#### [Exercise]
Two lines in the data below mark the range: the one with "Hua Drawcord Pleated" and the one with "Multicolour Elephant Print". Return both, along with every line between them, exactly.

#### [Given data]
────

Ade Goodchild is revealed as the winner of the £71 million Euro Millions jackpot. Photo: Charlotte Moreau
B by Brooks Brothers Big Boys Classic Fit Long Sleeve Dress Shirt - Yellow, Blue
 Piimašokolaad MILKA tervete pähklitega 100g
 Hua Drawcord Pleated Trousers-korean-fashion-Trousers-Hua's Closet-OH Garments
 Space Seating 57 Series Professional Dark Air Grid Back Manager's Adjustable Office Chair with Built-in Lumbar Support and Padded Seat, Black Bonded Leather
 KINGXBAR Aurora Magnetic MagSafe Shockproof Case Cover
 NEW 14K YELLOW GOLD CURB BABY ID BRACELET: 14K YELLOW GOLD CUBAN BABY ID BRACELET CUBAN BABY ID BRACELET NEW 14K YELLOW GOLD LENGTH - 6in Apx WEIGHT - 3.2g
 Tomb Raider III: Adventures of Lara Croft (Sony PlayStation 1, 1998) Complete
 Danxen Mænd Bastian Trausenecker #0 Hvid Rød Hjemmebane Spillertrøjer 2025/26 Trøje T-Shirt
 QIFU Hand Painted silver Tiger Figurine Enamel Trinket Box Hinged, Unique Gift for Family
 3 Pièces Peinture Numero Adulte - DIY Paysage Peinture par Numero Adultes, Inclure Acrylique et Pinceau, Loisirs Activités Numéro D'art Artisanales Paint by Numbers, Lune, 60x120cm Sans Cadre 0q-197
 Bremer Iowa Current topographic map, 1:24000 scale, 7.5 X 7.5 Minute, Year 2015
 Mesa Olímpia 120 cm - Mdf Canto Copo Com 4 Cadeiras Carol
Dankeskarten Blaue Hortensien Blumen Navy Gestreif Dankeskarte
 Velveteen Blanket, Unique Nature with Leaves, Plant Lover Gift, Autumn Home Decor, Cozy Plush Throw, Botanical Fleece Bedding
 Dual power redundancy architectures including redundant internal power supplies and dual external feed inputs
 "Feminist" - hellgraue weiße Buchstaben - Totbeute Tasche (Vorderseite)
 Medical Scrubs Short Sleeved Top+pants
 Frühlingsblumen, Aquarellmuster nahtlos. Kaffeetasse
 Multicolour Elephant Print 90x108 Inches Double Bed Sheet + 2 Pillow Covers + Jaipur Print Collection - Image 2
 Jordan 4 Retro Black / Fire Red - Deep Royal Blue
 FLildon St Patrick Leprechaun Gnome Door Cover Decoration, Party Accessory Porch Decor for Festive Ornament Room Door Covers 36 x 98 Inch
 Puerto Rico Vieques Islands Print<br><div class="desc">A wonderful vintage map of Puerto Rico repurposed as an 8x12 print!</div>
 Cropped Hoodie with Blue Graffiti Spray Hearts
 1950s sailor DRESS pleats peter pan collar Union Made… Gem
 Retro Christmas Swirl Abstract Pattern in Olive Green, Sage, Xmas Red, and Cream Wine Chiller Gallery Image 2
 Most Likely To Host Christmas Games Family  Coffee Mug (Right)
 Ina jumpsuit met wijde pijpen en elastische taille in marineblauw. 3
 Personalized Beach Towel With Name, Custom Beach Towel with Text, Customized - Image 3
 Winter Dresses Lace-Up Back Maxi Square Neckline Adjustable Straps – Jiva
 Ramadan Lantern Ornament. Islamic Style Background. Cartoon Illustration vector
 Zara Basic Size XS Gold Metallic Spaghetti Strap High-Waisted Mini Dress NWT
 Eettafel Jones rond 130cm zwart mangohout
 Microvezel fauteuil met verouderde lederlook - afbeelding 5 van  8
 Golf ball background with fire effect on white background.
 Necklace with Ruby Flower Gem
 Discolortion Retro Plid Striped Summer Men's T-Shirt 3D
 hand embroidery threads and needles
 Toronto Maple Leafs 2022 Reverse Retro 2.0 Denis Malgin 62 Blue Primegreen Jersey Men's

────

#### [Exercise response]
 Hua Drawcord Pleated Trousers-korean-fashion-Trousers-Hua's Closet-OH Garments
 Space Seating 57 Series Professional Dark Air Grid Back Manager's Adjustable Office Chair with Built-in Lumbar Support and Padded Seat, Black Bonded Leather
 KINGXBAR Aurora Magnetic MagSafe Shockproof Case Cover
 NEW 14K YELLOW GOLD CURB BABY ID BRACELET: 14K YELLOW GOLD CUBAN BABY ID BRACELET CUBAN BABY ID BRACELET NEW 14K YELLOW GOLD LENGTH - 6in Apx WEIGHT - 3.2g
 Tomb Raider III: Adventures of Lara Croft (Sony PlayStation 1, 1998) Complete
 Danxen Mænd Bastian Trausenecker #0 Hvid Rød Hjemmebane Spillertrøjer 2025/26 Trøje T-Shirt
 QIFU Hand Painted silver Tiger Figurine Enamel Trinket Box Hinged, Unique Gift for Family
 3 Pièces Peinture Numero Adulte - DIY Paysage Peinture par Numero Adultes, Inclure Acrylique et Pinceau, Loisirs Activités Numéro D'art Artisanales Paint by Numbers, Lune, 60x120cm Sans Cadre 0q-197
 Bremer Iowa Current topographic map, 1:24000 scale, 7.5 X 7.5 Minute, Year 2015
 Mesa Olímpia 120 cm - Mdf Canto Copo Com 4 Cadeiras Carol
Dankeskarten Blaue Hortensien Blumen Navy Gestreif Dankeskarte
 Velveteen Blanket, Unique Nature with Leaves, Plant Lover Gift, Autumn Home Decor, Cozy Plush Throw, Botanical Fleece Bedding
 Dual power redundancy architectures including redundant internal power supplies and dual external feed inputs
 "Feminist" - hellgraue weiße Buchstaben - Totbeute Tasche (Vorderseite)
 Medical Scrubs Short Sleeved Top+pants
 Frühlingsblumen, Aquarellmuster nahtlos. Kaffeetasse
 Multicolour Elephant Print 90x108 Inches Double Bed Sheet + 2 Pillow Covers + Jaipur Print Collection - Image 2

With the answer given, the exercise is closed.